Ten tweede het dreigen met dienstweigering op oneigenlijke gronden. Vast is komen te staan dat er sprake was van een “ruziesfeer” en de notaris tussen de diverse partijen in zat. Kennelijk heeft de notaris gebrek aan vertrouwen ervaren. De gestelde dreiging met dienstweigering kan onder die omstandigheden gerechtvaardigd zijn. Ook dit klachtonderdeel is tuchtrechtelijk niet laakbaar.

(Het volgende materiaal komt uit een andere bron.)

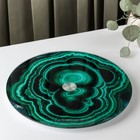 Подставка стеклянная для торта вращающаяся Доляна «Малахит», d=32 см, цвет зелёный - Фото 1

Ten derde het aktepapier. In artikel 1 van de Verordening aktepapier staat “Het papier waarop akten, afschriften, grossen en notariële verklaringen worden gesteld en al hetgeen daarop gedrukt en geschreven staat…”. De notaris dient derhalve ook afschriften af te geven op aktepapier. De Kamer acht dit klachtonderdeel, gezien het totale feitencomplex, echter van onvoldoende gewicht en verklaart dit klachtonderdeel ongegrond.
Ten vierde het passeren van de akten. Niet is vast komen te staan dat de notaris zich niet zou hebben vergewist van de feitelijke status met betrekking tot de te leveren aandelen. Dit klachtonderdeel is ongegrond.

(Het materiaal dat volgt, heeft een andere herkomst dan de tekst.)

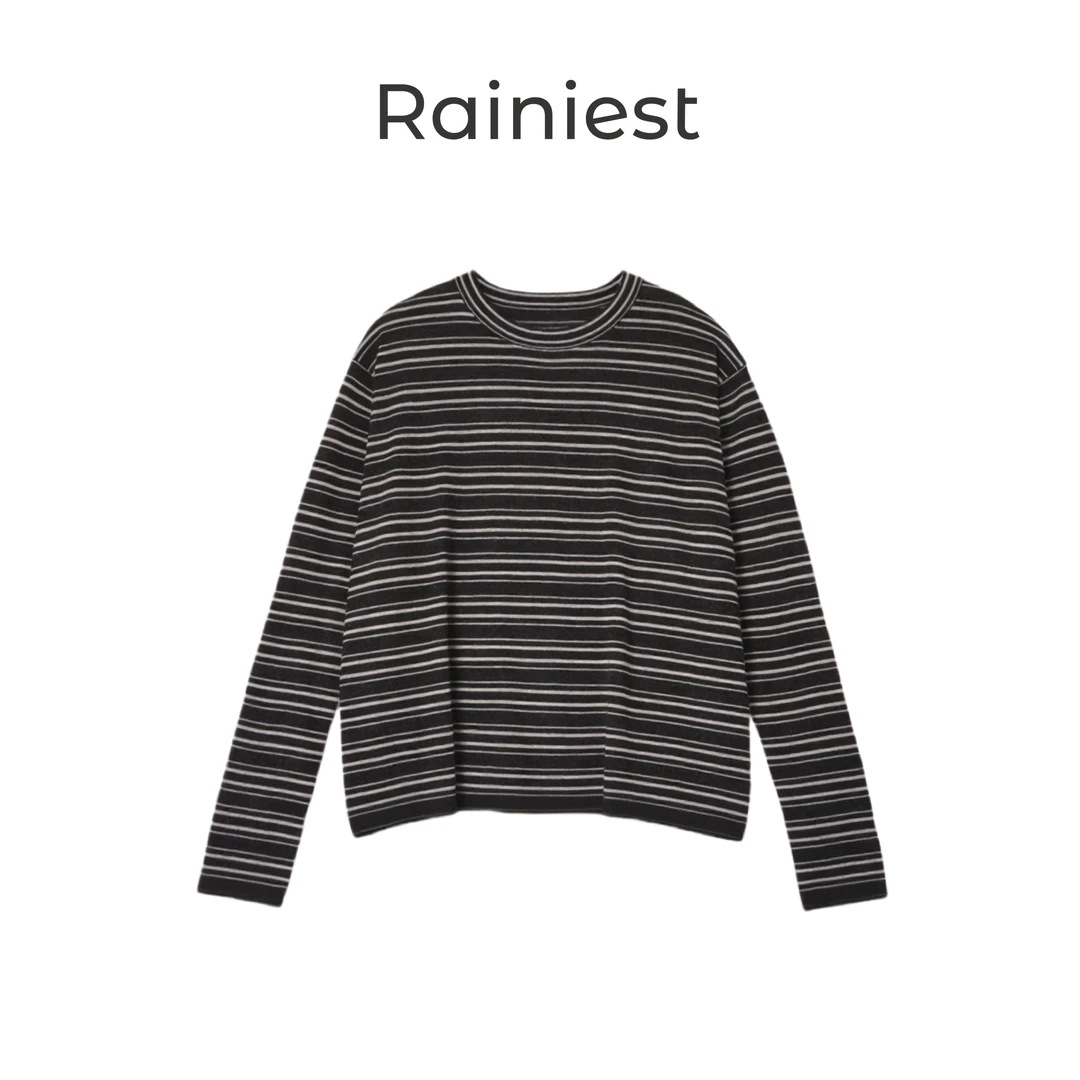 雨哥Rainiest棉羊毛混纺条纹针织长袖T恤S259K022G0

Voor zover het klachtonderdeel 3 betreft overweegt de Kamer als volgt. Klager verwijt de notaris dat hij door het CC-en van [H] de schijn van partijdigheid heeft gewekt. Vast is komen te staan dat [H] directeur was van [B] en [A] en opdrachtgever. Hij diende namens de vennootschappen toezicht te houden op de gehele herstructurering. Tijdens de mondelinge behandeling heeft de notaris aangevoerd dat klager op een gegeven moment de integriteit van de notaris in twijfel trok en daarom [H] in de CC heeft gezet. Dit verweer acht de Kamer steekhoudend en verklaart daarom de klacht ongegrond.

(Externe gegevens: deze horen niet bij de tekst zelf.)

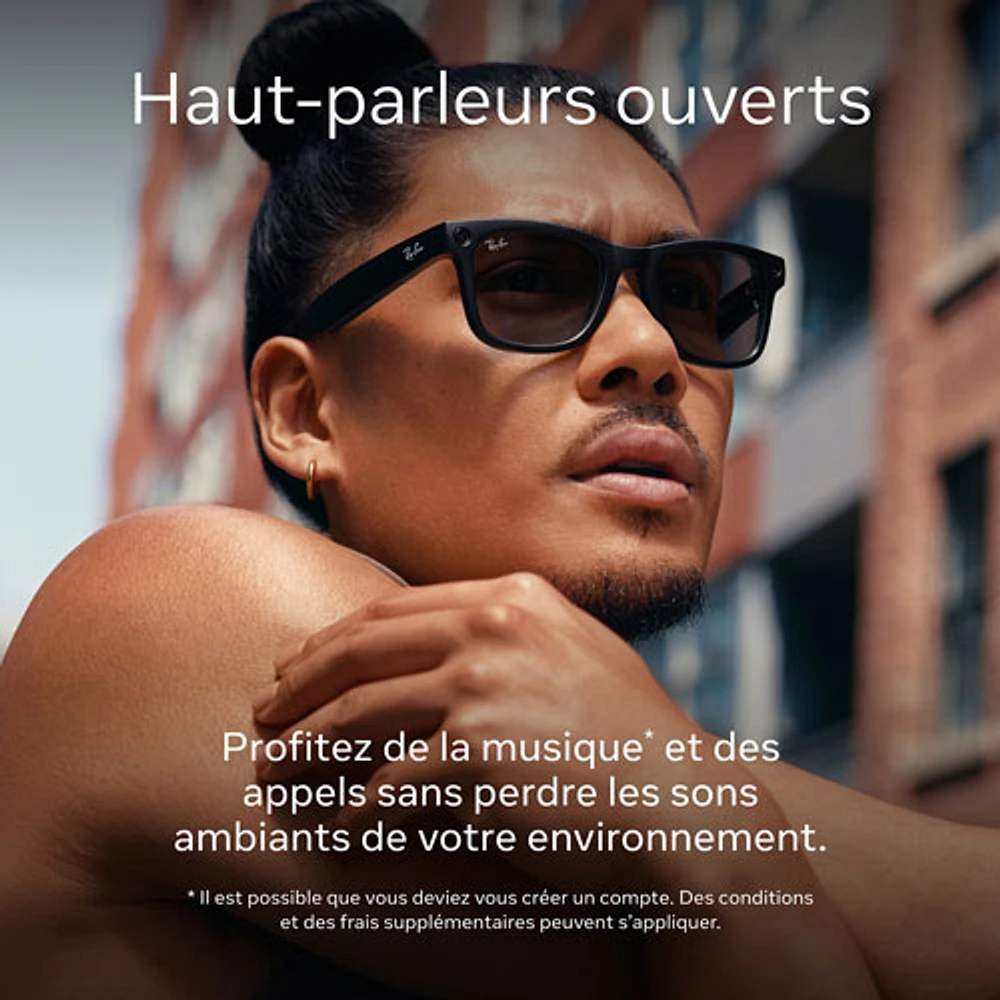 Lunettes Skyler de Ray-Ban | Meta avec IA, photo, vidéo, audio et messagerie - Transitions noir mat/transparent à améthyste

Voor zover het klachtonderdeel 4 betreft overweegt de Kamer als volgt. De Kamer is van oordeel dat dit klachtonderdeel ongegrond is. Vast is komen te staan dat er door verschillende personen werd gevraagd om diverse documenten te laten legaliseren door de notaris. Een kostenopgaaf werd niet gevraagd, maar het waren professionele partijen, die ervan op de hoogte zijn dat werkzaamheden die door een notaris worden verricht, geld kosten.
De beslissing
De Kamer voornoemd:
verklaart de klacht op alle onderdelen ongegrond.
Deze beslissing is gegeven door mrs. R.J. Paris, voorzitter, A.F.L. Geerdes, F. Hoppel, J.P. van Loon en H.M. Kolster en in tegenwoordigheid van de secretaris, mr. F.S. Pietersma-Smit, in het openbaar uitgesproken op 16 december 2015.
Kopie van deze beslissing wordt bij aangetekende brief aan partijen gezonden. Tegen deze beslissing staat hoger beroep open bij het Gerechtshof te Amsterdam, postbus 1312, 1000 BH Amsterdam. Het beroepschrift dient binnen dertig dagen na de dagtekening van genoemde brief door het Hof te zijn ontvangen, waarbij de datum van ontvangst door het Hof bepalend is.